Despite early fundraising success, Time’s Up was plagued by issues from the start, often accused of being too aligned with Hollywood’s rich and powerful — a theme of the early #MeToo movement overall. The group had leadership problems too. In February 2019, CEO Lisa Borders resigned over sexual harassment allegations against her son. About two years later came Tchen’s and Kaplan’s departures.
Announcing its “reset” in November 2021, the organization made public a report prepared by an outside consultant that listed numerous deficiencies. Among them: confusion over purpose and mission, ineffective communication internally and externally, the appearance of being politically partisan and seeming too connected with Hollywood.

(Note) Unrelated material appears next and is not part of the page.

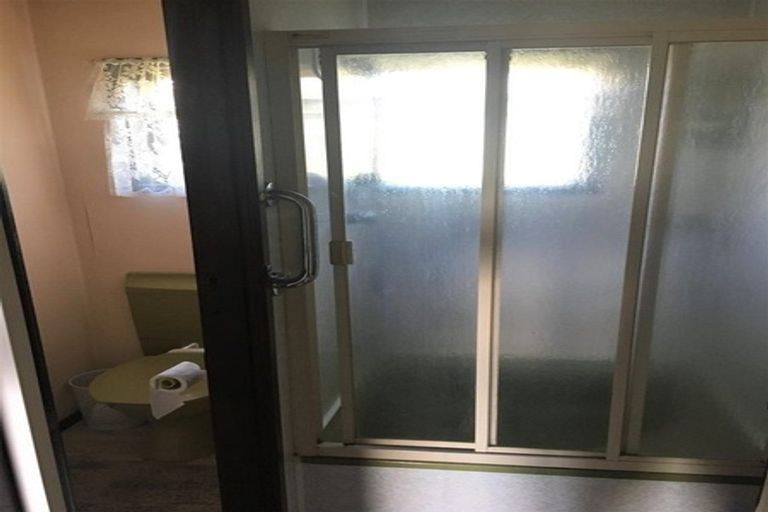 Photo of property in 2 Yarra Place, Botany Downs, Auckland, 2010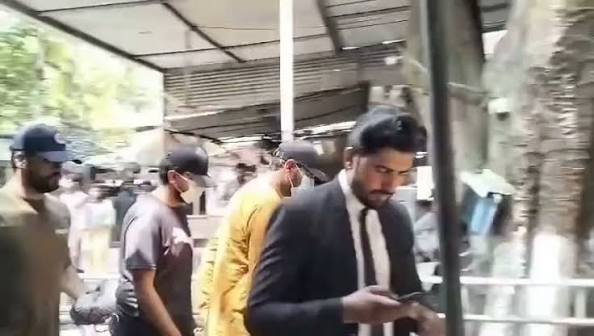 غیر ملکی خواتین کیس میں رضا ڈار سمیت ماسک پہنے چاروں ملزمان کو لاہور کینٹ کچہری پیش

Part of the problem, the report said, was how fast the organization grew, ramping up “like a jet plane to a rocket ship overnight.”
The staff was reduced to a skeleton crew and the few remaining board members spent a year, according to Sulzberger, listening to the group’s many stakeholders before making a decision.
Katz said it would be wrong to see the travails of Time’s Up as a sign of weakness of the overall #MeToo movement. Quite the opposite, she said: It shows the movement’s resilience.
“As movements progress and become more mature they go through phases. But if anything, this shows the power of this movement because victims of sexual violence came forward and said, ‘We’re not going to countenance this (conflict) within our organization,’” Katz said. “It shows the power of individuals demanding clarity in their organizations and leaders.”